__WHAT IS BEING ASKED__. From the records below, copy out exactly the lines from the one containing "Vinilo Hellaflush BBS brillo 75x152cm" to the one containing "Police ID three", both included. Add nothing else.

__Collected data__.
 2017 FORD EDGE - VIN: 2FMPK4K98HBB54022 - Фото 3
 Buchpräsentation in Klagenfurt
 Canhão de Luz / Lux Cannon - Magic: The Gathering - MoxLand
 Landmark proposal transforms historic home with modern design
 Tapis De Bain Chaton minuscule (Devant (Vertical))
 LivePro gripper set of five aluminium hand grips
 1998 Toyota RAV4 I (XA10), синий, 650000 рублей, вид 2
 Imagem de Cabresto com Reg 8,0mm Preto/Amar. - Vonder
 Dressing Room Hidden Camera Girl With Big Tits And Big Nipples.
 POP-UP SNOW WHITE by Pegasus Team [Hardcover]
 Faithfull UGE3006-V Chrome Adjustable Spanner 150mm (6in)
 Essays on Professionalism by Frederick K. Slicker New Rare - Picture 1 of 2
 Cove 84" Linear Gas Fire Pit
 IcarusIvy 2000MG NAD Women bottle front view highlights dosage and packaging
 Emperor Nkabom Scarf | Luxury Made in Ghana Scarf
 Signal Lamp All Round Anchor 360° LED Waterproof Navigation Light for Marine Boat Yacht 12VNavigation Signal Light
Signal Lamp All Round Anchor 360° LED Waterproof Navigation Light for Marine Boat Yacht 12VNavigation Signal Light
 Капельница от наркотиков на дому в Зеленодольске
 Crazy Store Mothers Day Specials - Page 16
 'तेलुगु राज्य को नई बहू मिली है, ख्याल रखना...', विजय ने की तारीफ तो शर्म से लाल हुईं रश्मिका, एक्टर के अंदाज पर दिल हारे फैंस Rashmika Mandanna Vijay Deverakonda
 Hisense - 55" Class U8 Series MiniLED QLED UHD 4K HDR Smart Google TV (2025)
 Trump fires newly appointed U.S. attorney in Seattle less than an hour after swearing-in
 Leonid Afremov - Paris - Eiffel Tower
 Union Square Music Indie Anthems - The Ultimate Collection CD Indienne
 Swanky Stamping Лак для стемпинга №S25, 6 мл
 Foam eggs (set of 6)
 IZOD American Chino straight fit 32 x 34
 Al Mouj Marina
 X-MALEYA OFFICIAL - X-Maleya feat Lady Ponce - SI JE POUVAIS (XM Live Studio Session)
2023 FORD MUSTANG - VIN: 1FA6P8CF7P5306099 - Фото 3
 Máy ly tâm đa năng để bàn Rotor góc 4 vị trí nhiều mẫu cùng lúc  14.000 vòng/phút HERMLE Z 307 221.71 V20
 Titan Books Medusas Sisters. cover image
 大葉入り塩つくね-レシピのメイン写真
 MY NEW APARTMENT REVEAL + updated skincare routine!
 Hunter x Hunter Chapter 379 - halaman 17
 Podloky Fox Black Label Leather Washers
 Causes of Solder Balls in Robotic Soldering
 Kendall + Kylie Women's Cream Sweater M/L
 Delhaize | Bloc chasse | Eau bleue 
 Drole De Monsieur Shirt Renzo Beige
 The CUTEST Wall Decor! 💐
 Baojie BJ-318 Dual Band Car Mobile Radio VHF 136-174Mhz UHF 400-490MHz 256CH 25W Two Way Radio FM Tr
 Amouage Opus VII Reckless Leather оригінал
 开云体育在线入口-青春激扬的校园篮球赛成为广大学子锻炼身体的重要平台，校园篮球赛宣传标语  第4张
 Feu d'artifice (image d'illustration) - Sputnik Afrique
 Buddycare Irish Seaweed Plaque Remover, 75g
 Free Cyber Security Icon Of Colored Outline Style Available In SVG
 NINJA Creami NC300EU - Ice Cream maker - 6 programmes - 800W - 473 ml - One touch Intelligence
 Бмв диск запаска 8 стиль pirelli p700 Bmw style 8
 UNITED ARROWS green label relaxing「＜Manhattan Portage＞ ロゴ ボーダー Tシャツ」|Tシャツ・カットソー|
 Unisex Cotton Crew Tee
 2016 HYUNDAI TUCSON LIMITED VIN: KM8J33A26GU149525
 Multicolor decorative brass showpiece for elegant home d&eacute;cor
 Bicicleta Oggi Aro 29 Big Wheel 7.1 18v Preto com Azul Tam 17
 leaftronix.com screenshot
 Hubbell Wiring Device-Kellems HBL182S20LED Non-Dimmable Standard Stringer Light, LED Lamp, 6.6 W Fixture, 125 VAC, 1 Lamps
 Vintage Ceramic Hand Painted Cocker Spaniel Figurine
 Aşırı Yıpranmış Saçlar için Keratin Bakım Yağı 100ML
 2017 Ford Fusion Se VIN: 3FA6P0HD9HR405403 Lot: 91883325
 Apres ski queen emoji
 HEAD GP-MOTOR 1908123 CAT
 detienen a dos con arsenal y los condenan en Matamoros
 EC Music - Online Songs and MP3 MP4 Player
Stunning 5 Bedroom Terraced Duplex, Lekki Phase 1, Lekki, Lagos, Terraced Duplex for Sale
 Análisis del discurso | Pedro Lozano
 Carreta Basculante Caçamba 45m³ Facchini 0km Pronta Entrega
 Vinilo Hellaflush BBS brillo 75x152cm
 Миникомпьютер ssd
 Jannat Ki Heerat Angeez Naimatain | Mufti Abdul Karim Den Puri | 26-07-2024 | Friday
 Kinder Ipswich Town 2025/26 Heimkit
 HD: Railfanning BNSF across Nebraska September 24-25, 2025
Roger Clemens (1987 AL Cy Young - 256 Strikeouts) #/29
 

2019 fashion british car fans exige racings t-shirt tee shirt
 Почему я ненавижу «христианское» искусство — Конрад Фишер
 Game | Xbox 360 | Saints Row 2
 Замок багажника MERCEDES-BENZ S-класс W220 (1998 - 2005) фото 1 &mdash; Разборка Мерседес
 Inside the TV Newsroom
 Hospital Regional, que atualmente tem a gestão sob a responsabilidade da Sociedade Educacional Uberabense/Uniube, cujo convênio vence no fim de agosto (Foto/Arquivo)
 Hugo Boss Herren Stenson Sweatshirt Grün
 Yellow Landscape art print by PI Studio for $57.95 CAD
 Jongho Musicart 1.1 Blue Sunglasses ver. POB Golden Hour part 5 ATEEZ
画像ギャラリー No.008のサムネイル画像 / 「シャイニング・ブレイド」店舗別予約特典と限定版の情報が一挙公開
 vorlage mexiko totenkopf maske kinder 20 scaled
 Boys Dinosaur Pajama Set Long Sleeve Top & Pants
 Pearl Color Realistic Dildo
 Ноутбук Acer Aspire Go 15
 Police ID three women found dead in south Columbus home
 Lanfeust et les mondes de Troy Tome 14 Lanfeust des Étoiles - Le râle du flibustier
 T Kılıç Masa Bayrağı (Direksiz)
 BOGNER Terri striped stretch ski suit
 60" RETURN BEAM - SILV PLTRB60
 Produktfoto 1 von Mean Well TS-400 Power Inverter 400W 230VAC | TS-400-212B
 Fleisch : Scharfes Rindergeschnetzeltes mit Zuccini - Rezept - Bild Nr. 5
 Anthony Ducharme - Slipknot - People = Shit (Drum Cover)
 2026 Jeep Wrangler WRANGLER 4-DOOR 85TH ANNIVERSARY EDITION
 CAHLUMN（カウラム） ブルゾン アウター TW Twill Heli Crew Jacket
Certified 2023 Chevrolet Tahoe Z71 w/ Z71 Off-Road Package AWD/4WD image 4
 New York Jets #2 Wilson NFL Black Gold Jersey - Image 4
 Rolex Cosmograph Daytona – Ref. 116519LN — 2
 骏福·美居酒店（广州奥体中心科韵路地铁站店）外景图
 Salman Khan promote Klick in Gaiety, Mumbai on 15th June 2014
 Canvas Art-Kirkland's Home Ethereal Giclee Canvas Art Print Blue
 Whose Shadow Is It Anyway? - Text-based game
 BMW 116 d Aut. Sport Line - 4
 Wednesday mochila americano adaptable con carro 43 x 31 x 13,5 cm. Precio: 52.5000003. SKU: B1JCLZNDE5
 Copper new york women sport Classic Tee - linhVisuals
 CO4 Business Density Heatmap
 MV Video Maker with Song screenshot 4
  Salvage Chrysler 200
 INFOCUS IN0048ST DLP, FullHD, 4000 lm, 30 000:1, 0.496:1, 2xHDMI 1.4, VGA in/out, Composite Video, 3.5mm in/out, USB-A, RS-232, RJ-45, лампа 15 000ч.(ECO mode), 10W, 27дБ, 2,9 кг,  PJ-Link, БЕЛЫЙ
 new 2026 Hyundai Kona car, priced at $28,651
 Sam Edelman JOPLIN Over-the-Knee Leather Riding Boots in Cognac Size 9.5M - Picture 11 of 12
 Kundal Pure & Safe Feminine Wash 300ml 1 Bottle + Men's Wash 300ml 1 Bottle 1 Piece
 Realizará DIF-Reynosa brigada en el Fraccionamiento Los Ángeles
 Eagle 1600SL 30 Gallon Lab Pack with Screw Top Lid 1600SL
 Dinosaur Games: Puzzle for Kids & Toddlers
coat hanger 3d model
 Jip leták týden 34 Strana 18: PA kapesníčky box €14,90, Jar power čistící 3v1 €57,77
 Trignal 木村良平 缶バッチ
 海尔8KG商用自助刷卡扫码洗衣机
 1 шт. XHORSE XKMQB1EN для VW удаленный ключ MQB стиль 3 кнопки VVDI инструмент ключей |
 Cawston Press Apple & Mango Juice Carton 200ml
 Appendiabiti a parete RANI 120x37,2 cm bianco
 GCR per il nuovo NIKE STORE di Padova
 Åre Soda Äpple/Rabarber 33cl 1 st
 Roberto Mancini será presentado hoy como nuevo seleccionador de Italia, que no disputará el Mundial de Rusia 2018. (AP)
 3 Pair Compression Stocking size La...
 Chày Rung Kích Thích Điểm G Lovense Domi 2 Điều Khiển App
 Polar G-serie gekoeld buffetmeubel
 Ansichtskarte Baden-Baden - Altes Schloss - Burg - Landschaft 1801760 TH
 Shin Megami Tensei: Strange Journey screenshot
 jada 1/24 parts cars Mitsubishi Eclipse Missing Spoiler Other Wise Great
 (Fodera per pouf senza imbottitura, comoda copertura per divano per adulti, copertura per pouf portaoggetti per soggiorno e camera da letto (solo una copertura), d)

__RESPONSE__.
 Vinilo Hellaflush BBS brillo 75x152cm
 Миникомпьютер ssd
 Jannat Ki Heerat Angeez Naimatain | Mufti Abdul Karim Den Puri | 26-07-2024 | Friday
 Kinder Ipswich Town 2025/26 Heimkit
 HD: Railfanning BNSF across Nebraska September 24-25, 2025
Roger Clemens (1987 AL Cy Young - 256 Strikeouts) #/29
 

2019 fashion british car fans exige racings t-shirt tee shirt
 Почему я ненавижу «христианское» искусство — Конрад Фишер
 Game | Xbox 360 | Saints Row 2
 Замок багажника MERCEDES-BENZ S-класс W220 (1998 - 2005) фото 1 &mdash; Разборка Мерседес
 Inside the TV Newsroom
 Hospital Regional, que atualmente tem a gestão sob a responsabilidade da Sociedade Educacional Uberabense/Uniube, cujo convênio vence no fim de agosto (Foto/Arquivo)
 Hugo Boss Herren Stenson Sweatshirt Grün
 Yellow Landscape art print by PI Studio for $57.95 CAD
 Jongho Musicart 1.1 Blue Sunglasses ver. POB Golden Hour part 5 ATEEZ
画像ギャラリー No.008のサムネイル画像 / 「シャイニング・ブレイド」店舗別予約特典と限定版の情報が一挙公開
 vorlage mexiko totenkopf maske kinder 20 scaled
 Boys Dinosaur Pajama Set Long Sleeve Top & Pants
 Pearl Color Realistic Dildo
 Ноутбук Acer Aspire Go 15
 Police ID three women found dead in south Columbus home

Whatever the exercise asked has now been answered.